So that was step number one.

We actually wrote blogs about this and we called it the lakehouse. That was 5 years ago.

And you can see here this was sort of the reaction in the market when we put that out. Uh they didn't believe in it.

You can see you know these are different vendors what they're saying you know uh choose open wisely was one of the reactions basically saying that it's a misguided application of open and really our priorities and our customer obsession dictate against it.

And I don't want to pick on a particular vendor.

It was just the general kind of uh reception of this was that way by pretty much everyone all the hyperscalers and so on. Um and then you know uh as time went on uh you can see now now everybody loves open everybody's talking about it. You can see the quotes now from all the hyperscalers from all the vendors that are out there.

Um and actually we can see now uh there's even books by the creators of data warehousing talking about the lakehouse uh and how that's the future.

So that's super exciting. So now you have the open formats.

It's kind of industry has accepted that this is the way to go forward.

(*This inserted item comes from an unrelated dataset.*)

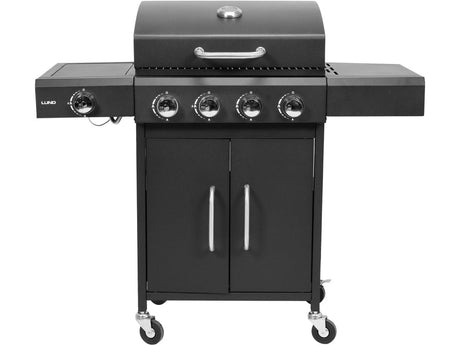 GRATAR GAZ TORNE 4 + 1, 14,4KW Lund 99647 Lund - scule electrice si unelte profesionale - BricoMart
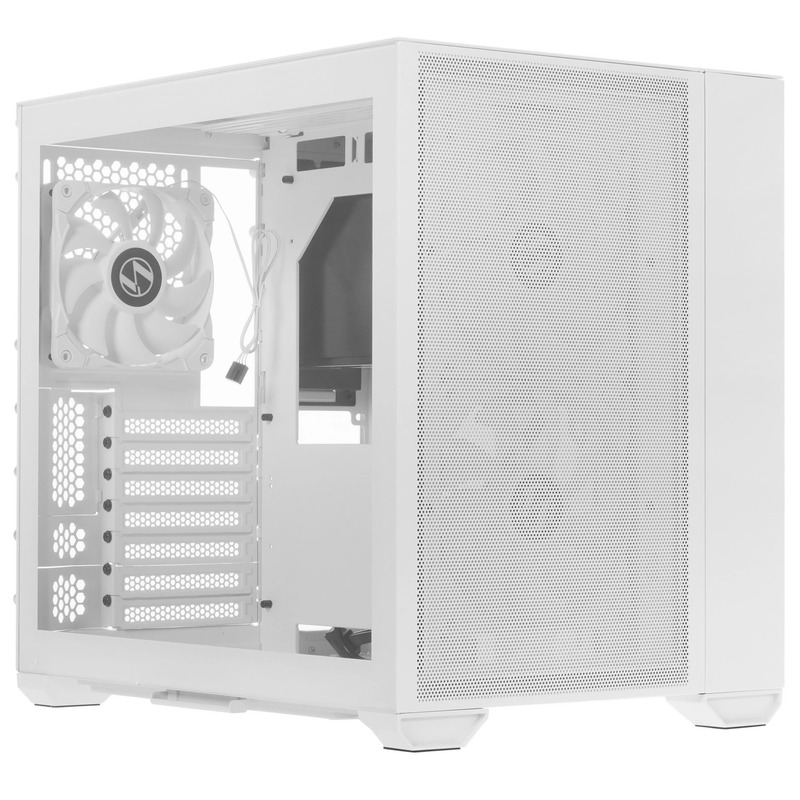Корпус Lian Li O11 Air Mini White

Though I would urge you in your organization despite a lot of the marketing the majority of these vendors the data that you have even if they they say they like open your organization probably has locked the data 99% of it is still probably in a proprietary format inside of these data warehouses.

So I think we as a community have to push this.

Let's really push for the open formats and let's make sure that you own the data. Don't give it to data bricks.

Don't give it to other vendors.

Own it. Store it on open lakes like S3 on Amazon or like Azure data lakeink storage ADLS on Microsoft Azure or like GCS, Google Cloud Storage.

Okay, store it there. Don't store it somewhere else.

Okay, because then that leads again back to lock in. All right, so that was step number one.

But there was one more step that actually I think we didn't quite understand how important it was and it was that of governance. So, it's all these uh security models that each of these have.

And I think we actually created the category four or five years ago, but we never really wrote about it.

And I'm starting to believe that this is more and more important than ever.

Uh so, we'll be talking a lot about this uh next few days. And tomorrow, make sure you catch Mate's keynote. He's going to be talking about this. So, this is what we call unified governance. So, what is unified governance?

Unified governance isn't just let's do security on our data state.

It's two very key ideas.

The first important idea is that you have to do governance on all of your data assets in the organization. Okay?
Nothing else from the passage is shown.